NYC-BAR 2012-05-29

Can a lawyer look at jurors' social media profiles to research them during a trial?

Short answer: Yes, the opinion concludes, as long as the research causes no communication with the juror. A friend request, or any notification that tells the juror they were viewed, can be a prohibited communication under Rule 3.5 even if inadvertent. The lawyer may not use deception or a third party to get access, and must promptly tell the court of any juror misconduct the research reveals.
Currency note: this opinion is from 2012
Subsequent statutory amendments, court decisions, or later opinions or rule amendments may have changed the analysis. Treat this page as historical context, not current legal advice. Verify current law before relying on any specific rule, deadline, or remedy mentioned here.
Disclaimer: Advisory only. Not binding precedent.
About this page: The plain-English summary, reader guidance, and Q&A below were written by Ezel based on the official ethics opinion. The original opinion (linked at the bottom of this page, or PDF in the sidebar) is the authoritative source for any reliance.
View original ethics opinion (PDF)

NYC Bar Ethics Opinion 2012-2: Jury research and social media

Short answer: Lawyers may use social media to research prospective and sitting jurors, the opinion concludes, but only so long as no communication with the juror results; a "friend" request or any notification that lets the juror learn she is being viewed can be a prohibited communication under Rule 3.5, even if inadvertent, the lawyer may not use deception or a third party to gain access, and the lawyer must promptly disclose to the court any juror misconduct the research uncovers.

Disclaimer: This is an advisory ethics opinion. Advisory opinions are not binding; they interpret the New York City Bar's rules of professional conduct and are persuasive authority. This summary is for research purposes only and is not legal advice. Verify current rules before acting on any specific guidance.

About this page: The plain-English summary and Q&A below were written by Ezel based on the official opinion. We do not reproduce the opinion text on this page; follow the linked source for the official text, which controls.

View original opinion

Plain-English summary

The committee applies Rule 3.5, which bars ex parte communication with members of the jury venire and sitting jurors, to internet and social-media research. It concludes lawyers may research jurors using search engines and social-media services as long as no communication with the juror occurs. The principal interpretive question is what counts as a "communication," a term the rule and the Model Rules leave undefined. Drawing on dictionary and local-rule definitions, the committee adopts a receiver-focused view: a communication is the process of bringing information to another's perception, including the fact that the juror has been researched.
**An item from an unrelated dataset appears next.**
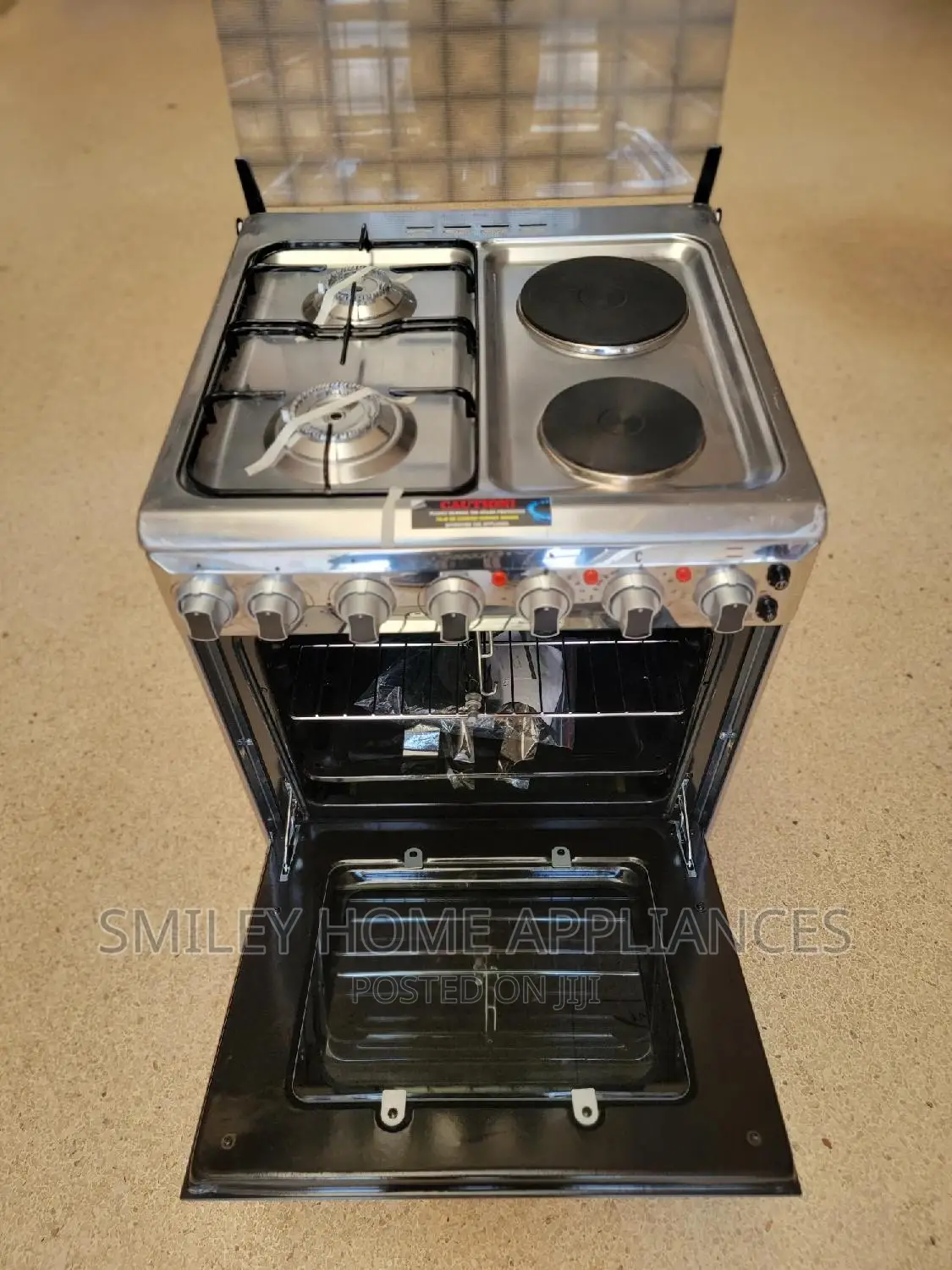 Brandnew Superchef 60cm by 60cm Gas Cooker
On that understanding, the opinion concludes that a "friend" request, an invitation to connect, or an automated notification telling the juror that her profile was viewed is a prohibited communication if it lets the juror learn of the lawyer's research. Because Rule 3.5(a)(4) contains no intent requirement, the committee warns that even an inadvertent or service-generated notification may violate the rule (though it takes no position on whether a truly inadvertent communication is itself a violation), and it places on the lawyer a duty to understand the functionality and privacy settings of any service before using it. Search engines, which have no interactive features that alert the subject, may be used freely; interactive features that transmit anything to the juror may not.
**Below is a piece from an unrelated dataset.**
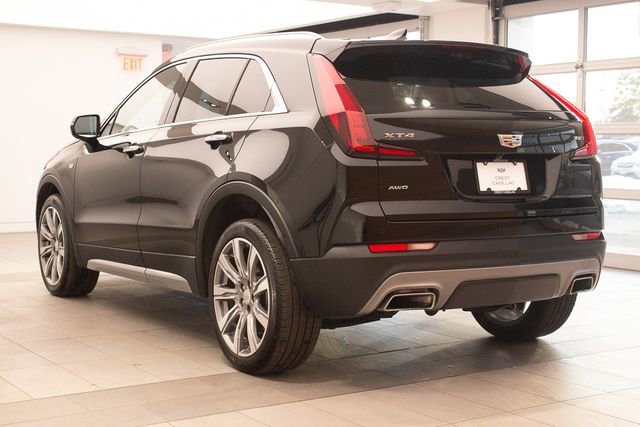 Used 2023 Cadillac XT4 Premium Luxury w/ Enhanced Visibility Package image 8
The opinion adds two further limits and one affirmative duty. Under Rule 8.4(c), a lawyer may not use deception (such as misrepresenting identity or group membership) to access otherwise unavailable juror information, and under Rule 8.4(a) a lawyer may not have a third party do what the lawyer cannot. Under Rule 3.5(d), a lawyer who learns of juror misconduct through permissible research must promptly reveal it to the court and may not weigh whether the misconduct benefits the lawyer's side. Finally, the committee notes that Rule 3.5(a)(5) permits communication with jurors after discharge, subject to stated limits (no misrepresentation, coercion, harassment, or attempts to influence future service).

In practice

The opinion holds that, under the New York rules as they stood at the time, online juror research is permissible only when it transmits nothing to the juror. Per the opinion, the lawyer must understand each service's features and privacy mechanics before using it, must avoid friend requests, follows, messages, or any view-notifications, must not use deception or a proxy under Rules 8.4(c) and 8.4(a), and must promptly disclose any juror misconduct to the court under Rule 3.5(d). The same rules apply to venire members and sitting jurors alike, with mid-trial contact carrying mistrial risk.

Common questions

Q: Can I look at a juror's public Facebook or Twitter during trial?
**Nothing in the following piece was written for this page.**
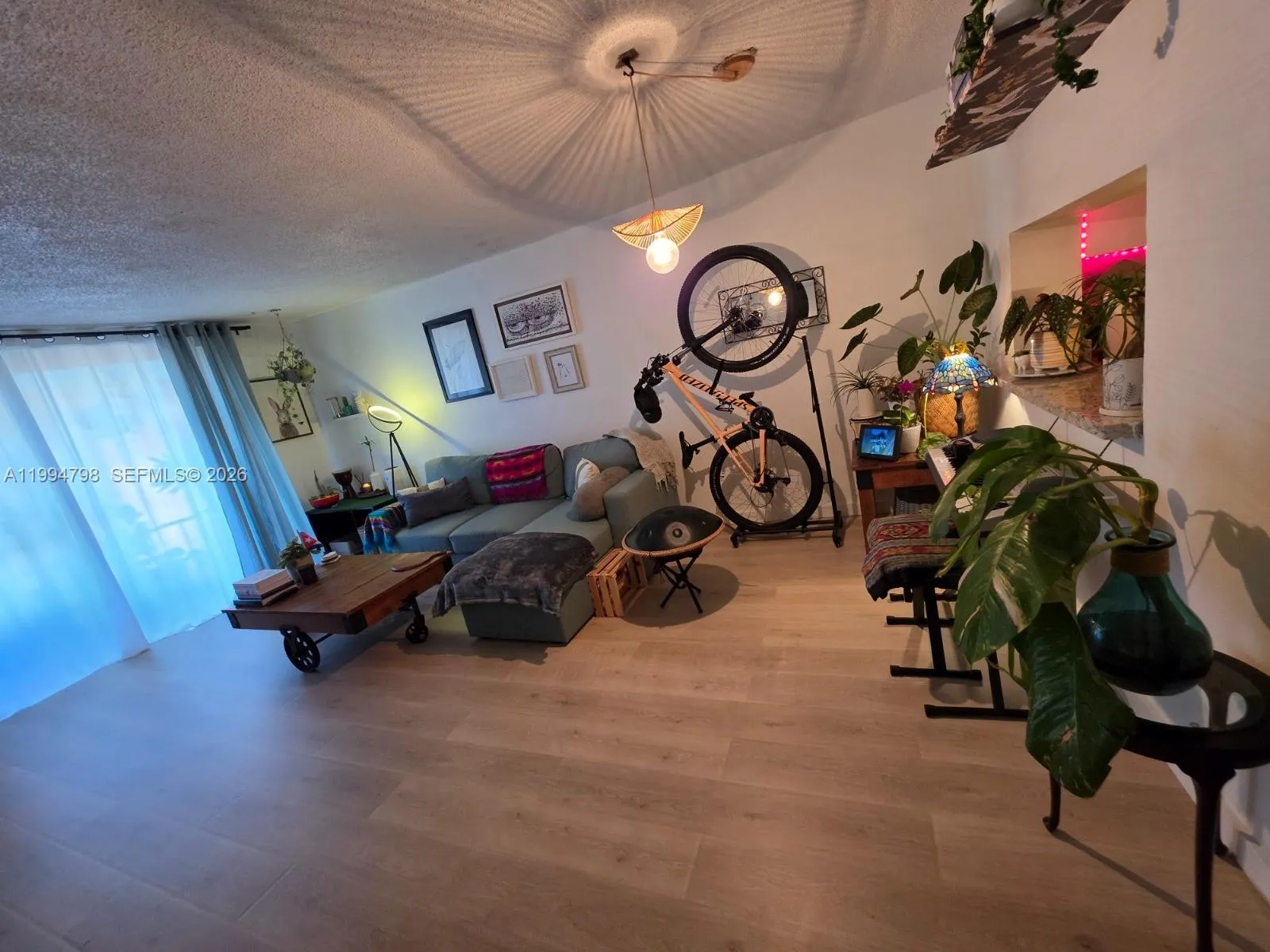 9360 Fontainebleau Blvd # 503, Miami FL 33172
A: Yes, the opinion concludes, provided your viewing transmits nothing to the juror. You may read publicly available postings, but you may not follow, "friend," or take any action that notifies the juror she is being researched.

Q: What if the platform automatically tells the juror I viewed their profile?

A: The opinion treats that notification as a communication that may violate Rule 3.5, even if the service generated it without your knowledge. It puts the burden on you to understand the service's functionality and to proceed with great caution where you cannot.

Q: Can I have a paralegal or investigator do it instead?

A: No. Per the opinion, Rule 8.4(a) bars doing through another what you cannot do yourself, and using a third party to communicate with or deceive a juror also violates Rule 8.4(c).

Q: I found a juror posting about the case. What do I do?

A: The opinion concludes you must promptly reveal the misconduct to the court under Rule 3.5(d), and you may not consider whether the misconduct helps your side.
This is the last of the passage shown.